Sometimes when working with factors in data science it is necessary to remove a level from a factor that you are working with. R programming has a simple two-step process for performing this task.
Ways To Remove Levels From a Factor In R
Removing a level from a factor consists of two steps. The first has the form of factor[-level] which defines the factor to be processed in the position in the vector to be removed. The second step uses the droplevels function with the format of droplevels(factor), which drops any empty levels from the factor. Despite being a two-step process it is still extremely simple to perform because all you need is the name of the factor you are processing and the position of any values that you need to remove.
How This Works
When removing a level from a factor you first remove any values within that level based on their position. The droplevels function then removes any empty levels. If you remove a position that has a duplicate value within a factor the droplevels function will not remove any levels because there will be none that are unoccupied.

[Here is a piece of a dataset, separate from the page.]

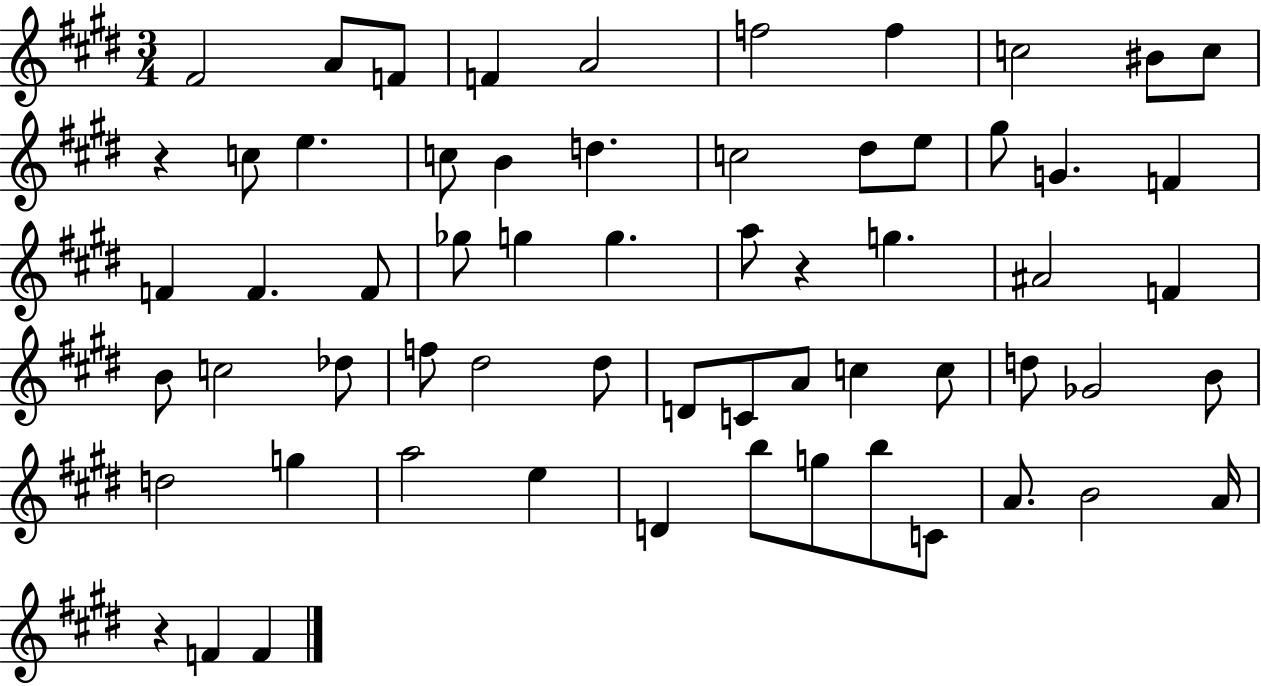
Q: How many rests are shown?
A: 3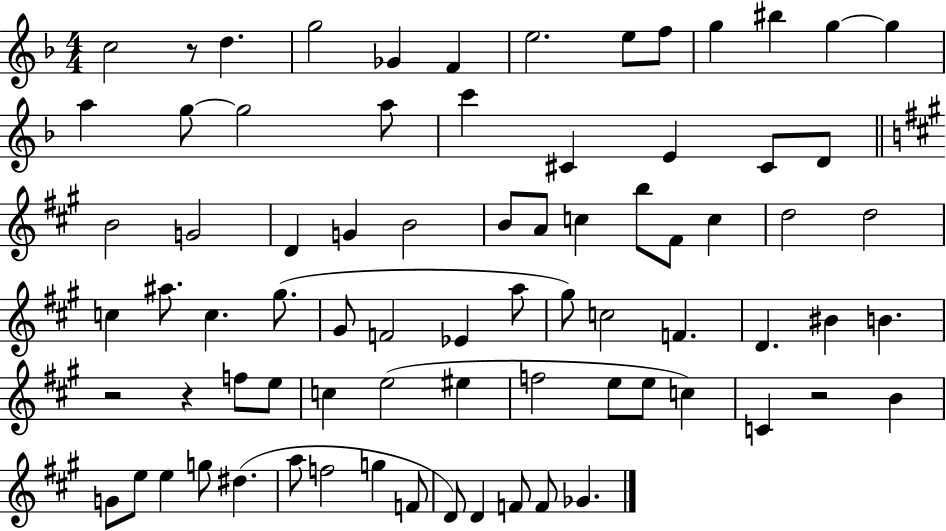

Two Examples of Removing Levels from a Factor in R
Here are two examples of removing a level from a factor in R programming. One is a simple one through eight list and the other is a factor of random numbers.
> x = factor(1:8)
> x
[1] 1 2 3 4 5 6 7 8
Levels: 1 2 3 4 5 6 7 8
> x = x[- 1]
> x
[1] 2 3 4 5 6 7 8
Levels: 1 2 3 4 5 6 7 8
> x = droplevels(x)
> x
[1] 2 3 4 5 6 7 8
Levels: 2 3 4 5 6 7 8
This is a factor consisting of a simple list of numbers one through eight. The first level was removed in two steps. The first one removes the position and the second one drops the level.
> t = as.numeric(Sys.time())
> set.seed(t)
> x = factor(as.integer(abs(rnorm(10)*10)))
> x
[1] 4 6 0 4 8 4 11 9 1 5
Levels: 0 1 4 5 6 8 9 11
> x = x[- 1]
> x
[1] 6 0 4 8 4 11 9 1 5
Levels: 0 1 4 5 6 8 9 11
> x = droplevels(x)
> x
[1] 6 0 4 8 4 11 9 1 5
Levels: 0 1 4 5 6 8 9 11
This is a factor consisting of random numbers. The first level is removed in two steps just like in the first example.
Applications of Dropping Levels from a Factor In R
The applications are removing the level from a factor are any situation where you have the eliminated values from a factor producing unused levels. This is a handy way of reducing the space being used to store data. After all, any unused levels are a waste of memory.
Being able to remove unused levels from a factor, after you have removed the data that originally occupied those levels is a handy way of reducing space. This makes it a handy tool for your programming toolbox.